In the interests of transparency, eLife includes the editorial decision letter and accompanying author responses. A lightly edited version of the letter sent to the authors after peer review is shown, indicating the most substantive concerns; minor comments are not usually included.

[Editors’ note: a previous version of this study was rejected after peer review, but the authors submitted for reconsideration. The first decision letter after peer review is shown below.]

Thank you for submitting your work entitled "Automated analysis of internally programmed grooming behavior in Drosophila using a k-nearest neighbors classifier" for consideration by eLife. Your article has been reviewed by three peer reviewers, and the evaluation has been overseen by a Reviewing Editor and a Senior Editor. The following individuals involved in review of your submission have agreed to reveal their identity: Benjamin de Bivort (Reviewer #1); Daniel Cavanaugh (Reviewer #3).

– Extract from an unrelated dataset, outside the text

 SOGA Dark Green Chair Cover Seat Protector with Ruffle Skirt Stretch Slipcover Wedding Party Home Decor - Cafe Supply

Our decision has been reached after consultation between the reviewers. Based on these discussions and the individual reviews below, we regret to inform you that your work will not be considered further for publication in eLife. Although all three reviewers found aspects of the work exciting, there were concerns about the manuscript as a methods paper and about the main biological finding that grooming is under circadian control preclude publication at this time.

Reviewer #1:

In this manuscript Qiao and Li et al. develop an automated annotation procedure for scoring grooming behavior in flies. They use this approach to then measure the circadian dependence of grooming, examining the effects of mutation in period, clock and cycle genes on grooming patterns. They find that the pattern of grooming is circadian and is disrupted by mutations that disrupt the circadian pattern of locomotion. They also examine the effect of stress on grooming. The major scientific result seems to be that control of grooming timing and duration are under independent genetic control, which I find plausible.

This work seems to be well done technically, and relatively clearly presented. The grooming detection method will be useful to other researchers. I am not sure of the significance of the scientific findings. It seems like it could be trivially explained by the circadian clock driving arousal, and once an animal is resolved it has to make an exclusive "choice" between grooming or locomoting. Thus, even if the circadian control of grooming is indirect, falling out of the direct control of locomotion by the circadian rhythm, the authors might see these results. Still maybe this counts as circadian control of grooming.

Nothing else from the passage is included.